Simone Weil – « Expérience de la vie d’usine » (1941)
Nombreux dans les grandes usines et même dans beaucoup de petites sont ceux ou celles qui exécutent à toute allure, par ordre, cinq ou six gestes simples indéfiniment répétés […). La succession de leurs gestes n’est pas désignée, dans le langage de l’usine, par le mot de rythme, mais par celui de cadence, et c’est juste, car cette succession est le contraire d’un rythme. Toutes les suites de mouvements qui participent au beau et s’accomplissent sans dégrader enferment des instants d’arrêts, brefs comme l’éclair, qui constituent le secret du rythme et donnent au spectateur, à travers même l’extrême rapidité, l’impression de la lenteur. Le coureur à pied, au moment qu’il dépasse un record mondial, semble glisser lentement [.]; plus un paysan fauche vite et bien, plus ceux qui le regardent sentent que, comme on dit si justement, il prend tout son temps. Au contraire, le spectacle de manœuvres sur machines est presque toujours celui d’une précipitation misérable d’où toute grâce et toute dignité sont absentes. Il est naturel à l’homme et il lui convient de s’arrêter quand il a fait quelque chose, fût-ce l’espace d’un éclair, pour en prendre conscience, comme Dieu dans la Genèse ; cet éclair de pensée, d’immobilité et d’équilibre, c’est ce qu’il faut apprendre à supprimer entièrement dans l’usine, quand on y travaille. [.] Après une journée ainsi passée, un ouvrier n’a qu’une plainte, plainte qui ne parvient pas aux oreilles des hommes étrangers à cette condition […]; il a trouvé le temps long.
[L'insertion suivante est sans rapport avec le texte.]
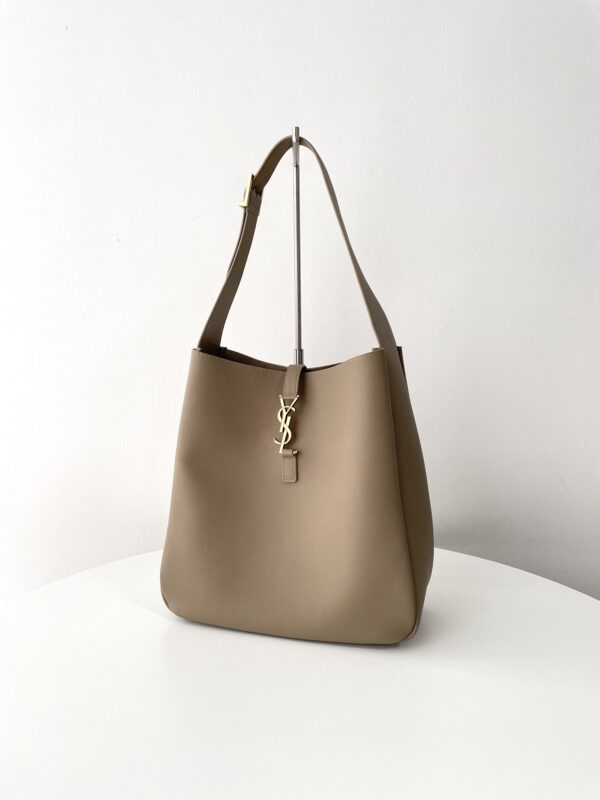 YSL Le 5 A 7 — réplique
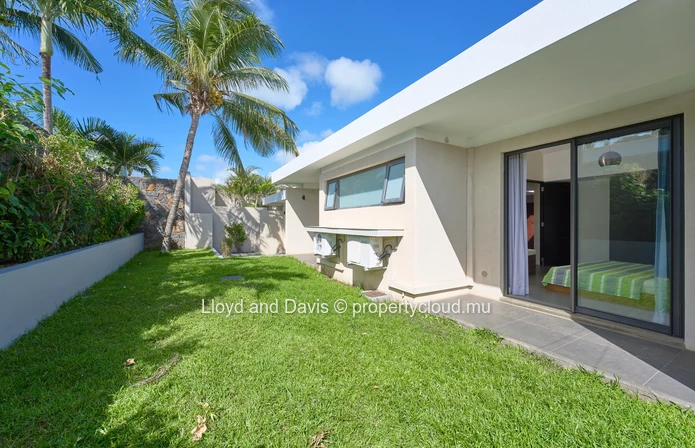 Elegant Furnished Villa with Garden and Gazebo in Péreybère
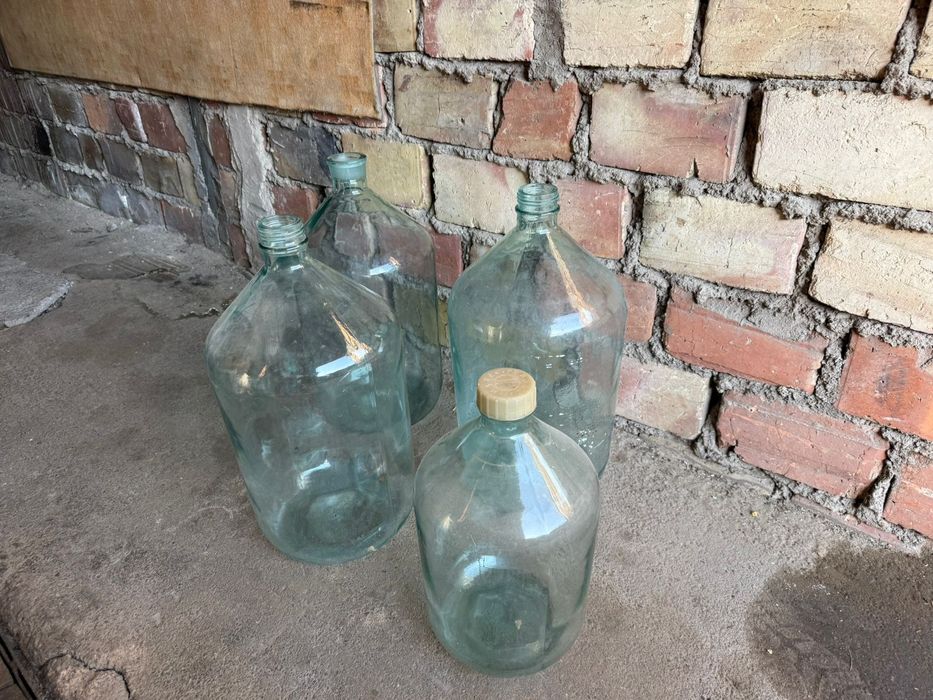 Продам стеклянные бутыли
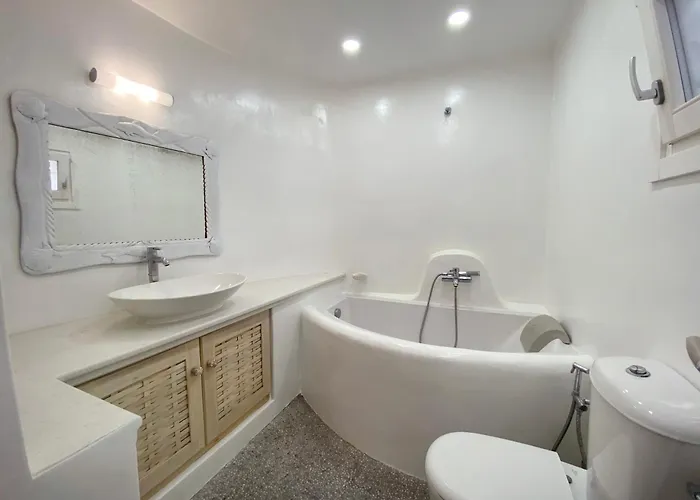 Irina Mykonos * Ftelia (Mykonos)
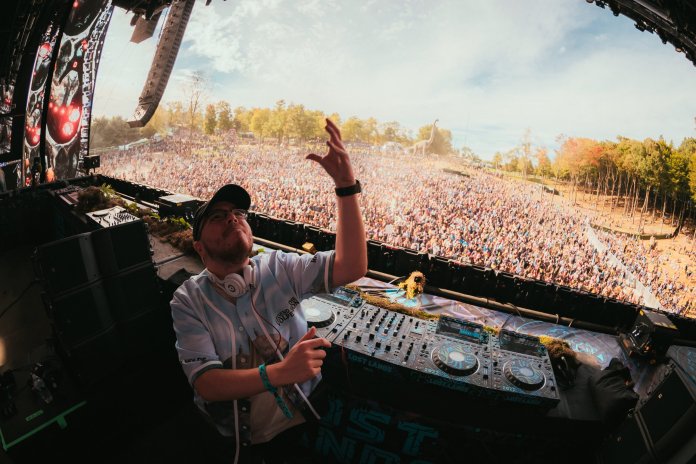 Ray Volpe makes his solo debut on Ophelia with “Meant To Be Lonely” ft Donna Tella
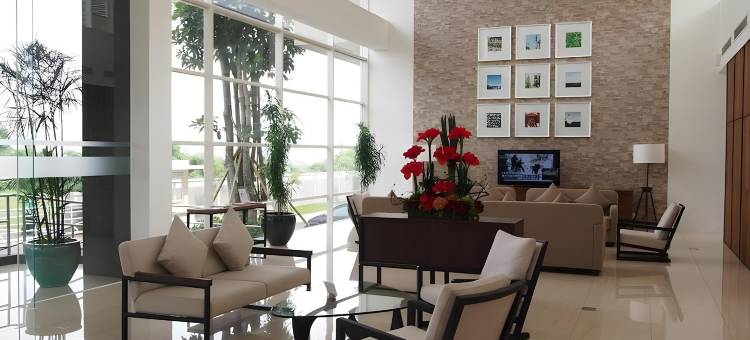 树园酒店 - 卡拉旺(TreePark Karawang)图片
Le temps lui a été long et il a vécu dans l’exil. Il a passé sa journée dans un lieu où il n’était pas chez lui. [.] Rien n’est si puissant chez l’homme que le besoin de s’approprier, non pas juridiquement, mais par la pensée, les lieux et les objets parmi lesquels il passe sa vie et dépense la vie qu’il a en lui. […] Un ouvrier, sauf quelques cas trop rares, ne peut rien s’approprier par la pensée dans l’usine. Les machines ne sont pas a lui ; il sert l’une ou l’autre selon qu’il en reçoit l’ordre. Il les sert, il ne s’en sert pas ; […] Il dépense à l’usine, parfois jusqu’à l’extrême limite, ce qu’il a de meilleur en lui, sa faculté de penser, de sentir, de se mouvoir ; il les dépense, puisqu’il en est vidé quand il sort ; et pourtant il n’a rien mis de lui-même dans son travail. […] Ce monde où nous sommes tombés existe réellement ; nous sommes réellement chair, nous avons été jetés hors de l’éternité ; et nous devons réellement traverser le temps, avec peine, minute après minute. Cette peine est notre partage, et la monotonie du travail en est seulement une forme.
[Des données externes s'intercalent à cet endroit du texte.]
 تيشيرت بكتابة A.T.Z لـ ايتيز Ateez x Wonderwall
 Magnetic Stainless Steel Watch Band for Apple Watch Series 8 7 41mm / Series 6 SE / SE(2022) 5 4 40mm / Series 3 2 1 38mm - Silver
Mais il n’est pas moins vrai que notre pensée est faite pour dominer le temps, et que cette vocation doit être préservée intacte en tout être humain. La succession absolument uniforme en même temps que variée et continuellement surprenante des jours, des mois, des saisons et des années convient exactement à notre peine et à notre grandeur. Tout ce qui parmi les choses humaines est à quelque degré beau et bon reproduit à quelque degré ce mélange d’uniformité et de variété ; tout ce qui en diffère est mauvais et dégradant. Le travail du paysan obéit par nécessité à ce rythme du monde ; le travail de l’ouvrier, par sa nature même, en est dans une large mesure indépendant, mais il pourrait l’imiter. C’est le contraire qui se produit dans les usines. […] Une uniformité qui imite les mouvements des horloges et non pas ceux des constellations, une variété qui exclut toute règle et par suite toute prévision, cela fait un temps inhabitable a l’homme, irrespirable. »
Simone Weil, « Expérience de la vie d’usine » (1941), in La Condition ouvrière, Gallimard, 1951.